Intangibility means that the five senses are incapable of evaluating medical services. Unlike new shoes, a vegetable salad dinner, or a new cell phone, the consumer cannot see, taste, or touch medical services. Indivisibility also means that the production and consumption of a medical service take place simultaneously. For example, when you see an ophthalmologist for an examination, you use ophthalmic services right at the time of production. In addition, a patient is often seen as both a producer and a consumer. Inventory is directly related to inseparability. Because the production and consumption of a medical service occur simultaneously, healthcare providers cannot store or maintain medical services. For example, a physiotherapist cannot provide a list of different physiotherapy services to meet demand during busy times. Finally, inconsistency means that the variety, composition, and quality of medical services are very different. Although different people may see a doctor simultaneously, there are various reasons for visiting a doctor. One person may see a doctor because of a typical physical problem, while another may see a doctor because of a heart attack. The combination of prescribed medical care or the frequency of its use can vary significantly from person to person and at different times [4, 5].
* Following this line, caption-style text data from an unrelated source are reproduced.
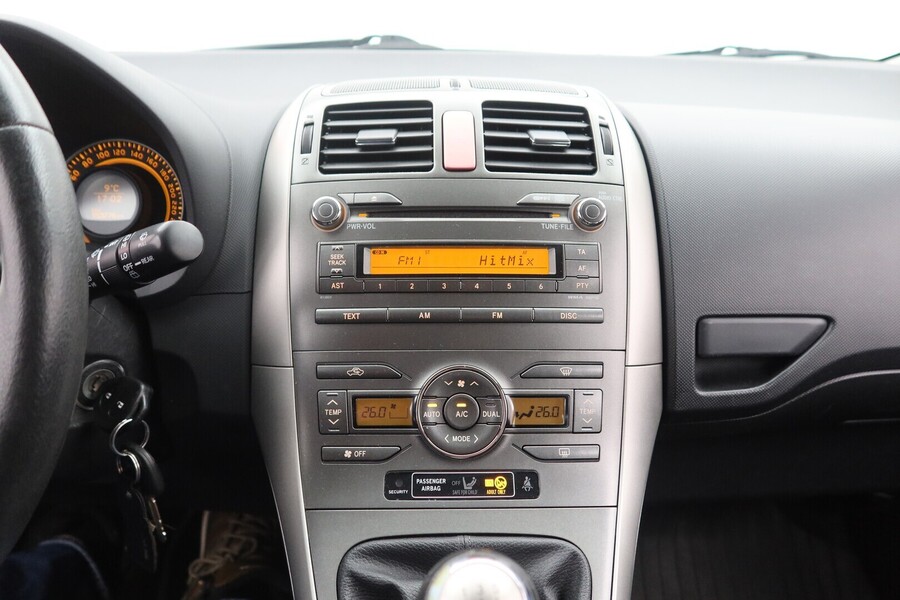 Toyota Auris vaihtoauto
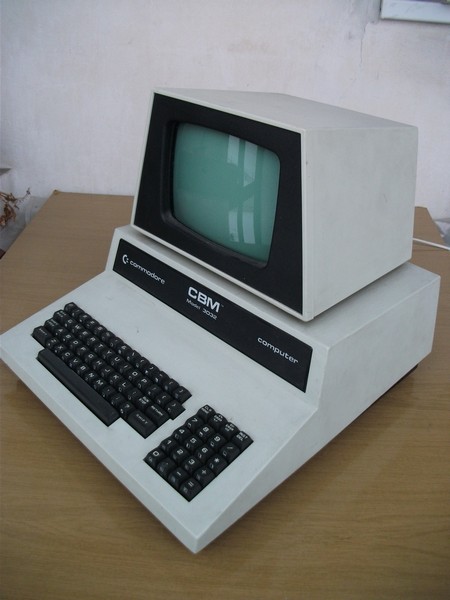 commodore_cbm3032_spodstoj.jpg, 103 kB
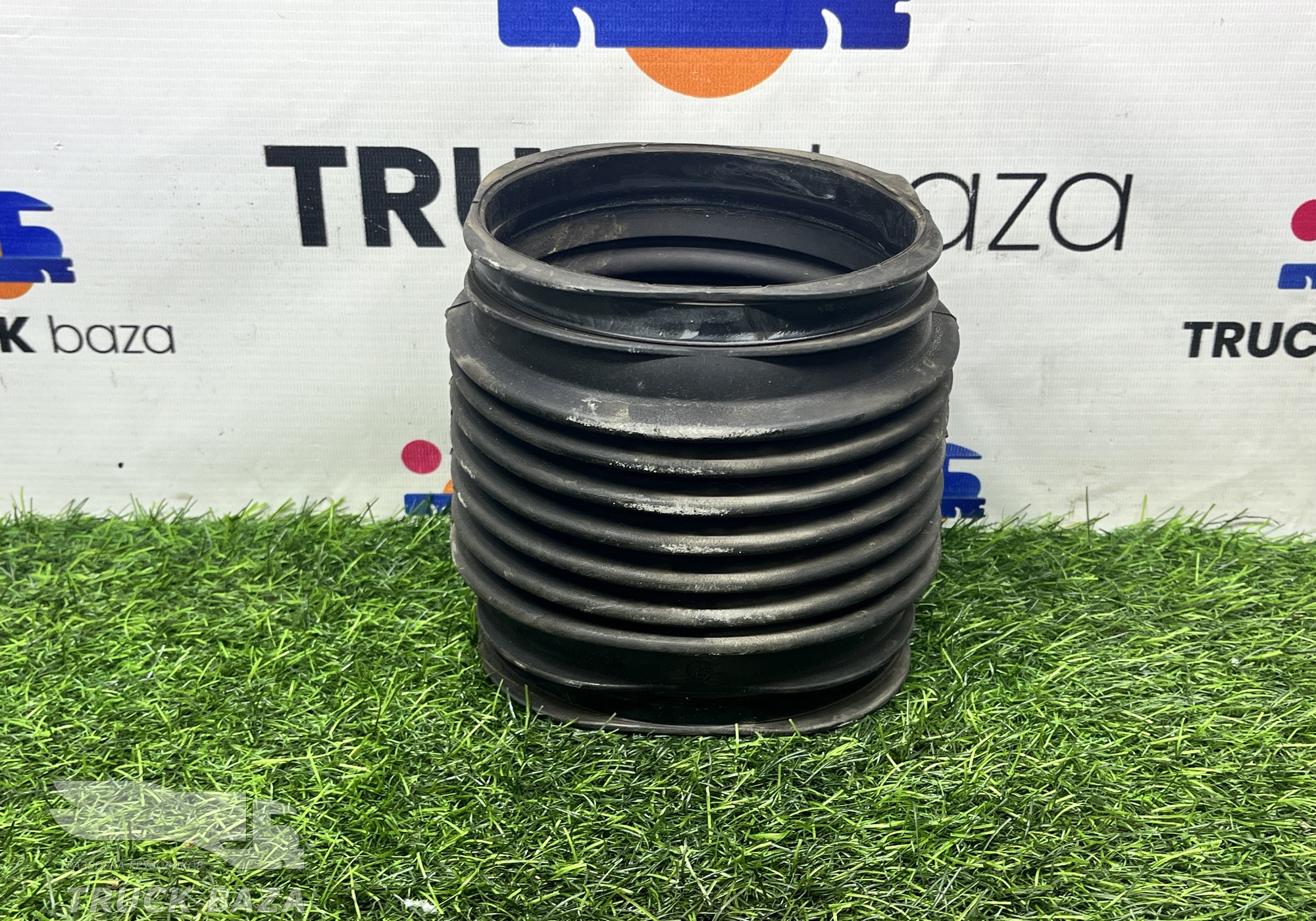 81964200519 Патрубок воздушного фильтра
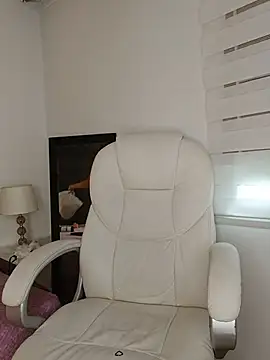 mollysweetx online show from April 10, 7:20 pm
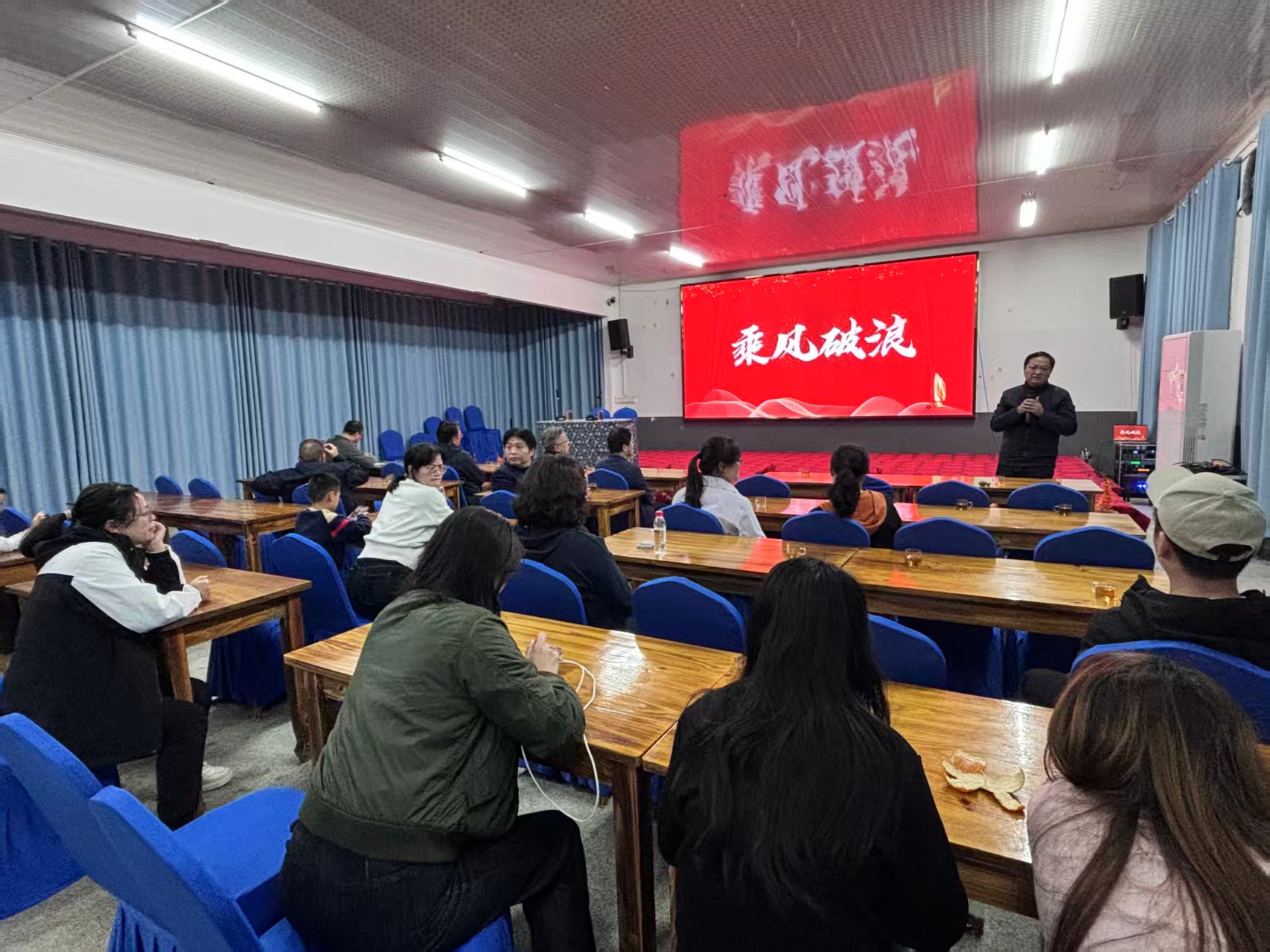 d7657de6e9f747ebb822f057b29b811d.jpg d7657de6e9f747ebb822f057b29b811d.jpg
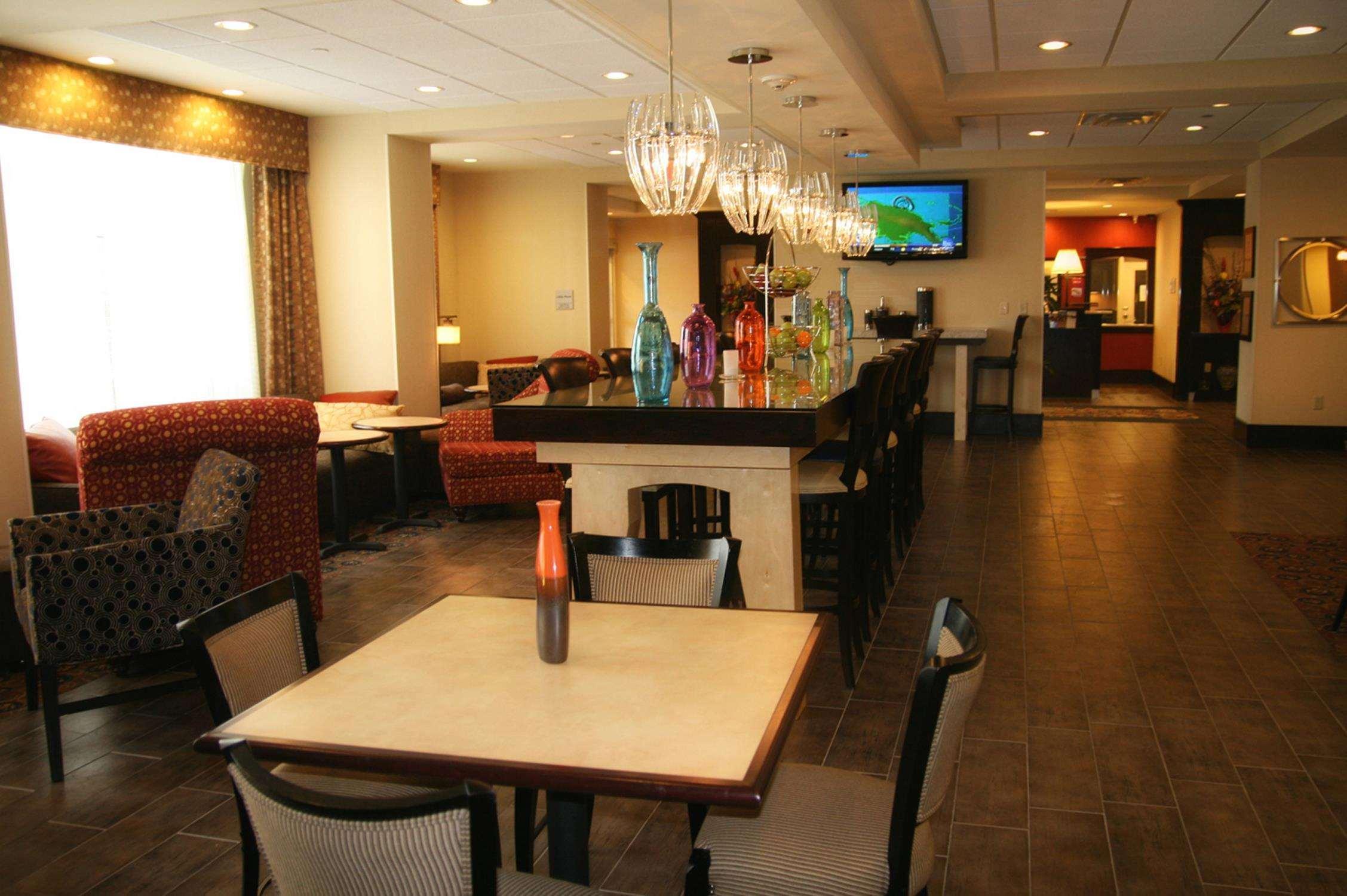 Hampton Inn Orange Restaurant foto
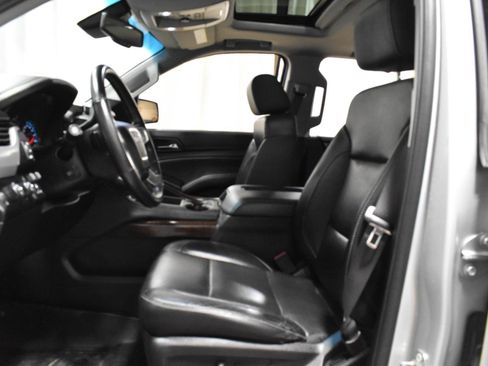 Used 2017 GMC Yukon SLT image 3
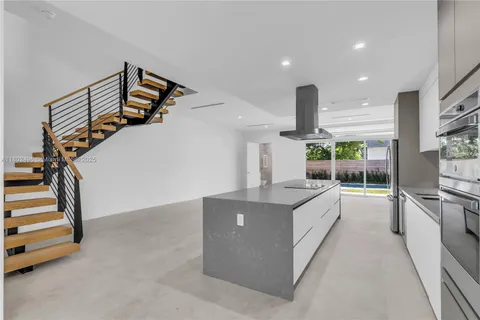 3120 Carter St # 3120, Miami FL 33133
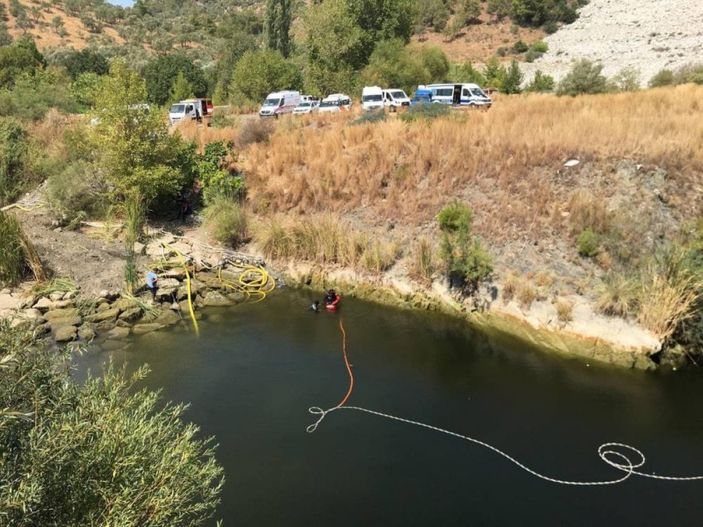 Muğla'da kaybolan genç barajda aranıyor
Demand for healthcare: Demand requires people to seek a service they can afford and are willing to pay for it. The need for healthcare is the care that doctors believe is essential for a person to stay healthy or healthy. Sometimes, patients think they need healthcare, but doctors believe they cannot benefit from such care. Sometimes the doctor believes that there is a medical need, but the patient does not consult his doctor because he prefers not to receive treatment or that he has not recognized the need. Even if patients have as much knowledge as doctors, their demands may be different from their needs.

The following factors affect the demand for healthcare:

  1. Needs (based on patient perception)

  2. Patient preferences

  3. Price or cost of use

  4. Income

  5. transportation cost

  6. waiting time

  7. Quality of care (based on patient perception)

The use of healthcare depends on demand and availability. If planners allocate resources based on need rather than demand, they may find themselves in a situation where some services are underused, and some services are overused.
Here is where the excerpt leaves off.